Storing text in text files?

Hey guys,

Do you think sites like W3Schools uses server side scripting to pull the majority of its text content from a database with text fields, or from text files? or do you think they have individual php files with the text already formatted with HTML?

Does this question make sense?

How about Wikipedia?

IMHO, in this age of quite powerful RDBMSes, I don’t think any sites do use the file system rather than the database so neither w3schools nor wikipedia are using files to store the contents.

So for example, is it correct to say the text on one of w3 school’s pages is stored in a few fields of a database, and then every time someone accesses that page, the server must run the necessary queries?

I’d be fairly certain both sites are using a database driven CMS for their content.

Yes but the queries don’t have to run every time if any caching system is used.

Caching system on the client? Or the server? Or both?

How far do you think they would go in a single database field? A whole paragraph of text? A whole page?

Hi,

Most of the CMS sites are build with DB, If you try it with filesystem then it is difficlt to mange the sites with huge content.

So do you think they will store like 5 paragraphs of text (like a plot of a movie) all in one field in a table of a database? Or do you think they would use multiple fields? I don’t know how big a field can get for this purpose.

Yes, you can easily store 5 paragraphs of text in a database field.

In fact, you can store up to 2 GB in a (MySQL) database field, I think, as long as your hardware supports it.

It’s also quite possible they’ve split the content into several different fields.

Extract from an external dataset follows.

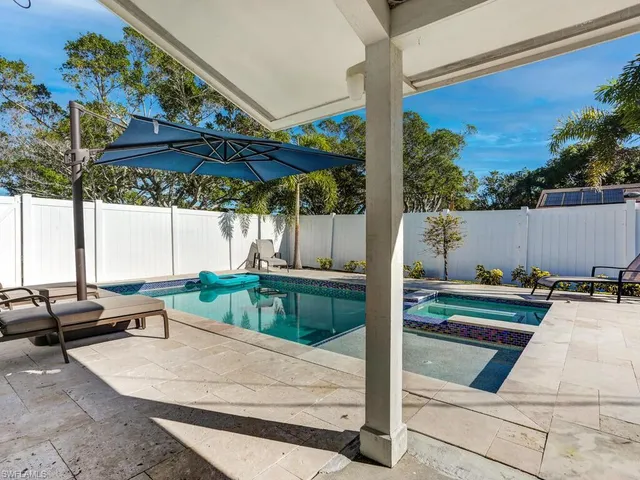 $4,750 | 784 11th Street North, Naples, FL 34102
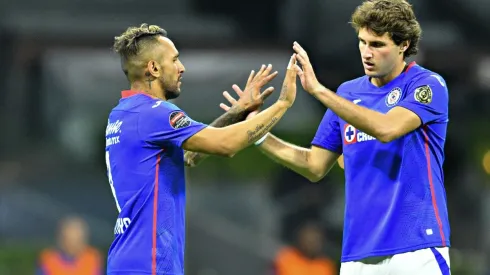 Santiago Giménez entregó tres asistencias.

We can’t really say without knowing how their system works. :slight_smile:

Barebones CMS is one of a handful of CMS products that do NOT use a database and relies, instead, on the file system. Here is a performance analysis of it that I put together:

http://barebonescms.com/documentation/performance_analysis/

If there’s a large site in question, such as wikipedia - it’s incredibly STUPID to use filesystem to store data within it.
I’ll elaborate:

  1. Huge websites tend to have a lot of traffic, which means they require a cluster server or sort of a load balancer. They usually have a cluster that’s responsible for handling requests and a cluster that’s in charge of the database. Such decentralized environment cannot rely on what we call filesystem.

  2. Huge websites have a ton of data. Now, people usually want to read that data (such as wikipedia), but they also want to search it and do other interesting things that require data manipulation.
    Using a filesystem would require you to find the record out of the billions of records - it’s not “instant” as it sounds immediately, that’s why smart people invented indexes. However, databases excel here because they store data in certain structures to make the most use out of the indexes.
    In short term, and we could argue here for ages but we won’t - on large data-sets (terrabytes and more), databases will operate faster with finding the data than an operating system will.

  3. Optimization of huge websites - the best way to optimize something is to reduce the calls to slow operations - the slowest being something involving hard disk. Hard disk is, in most machines, mechanical unit and there’s time involved in moving the needle to read the head / sector.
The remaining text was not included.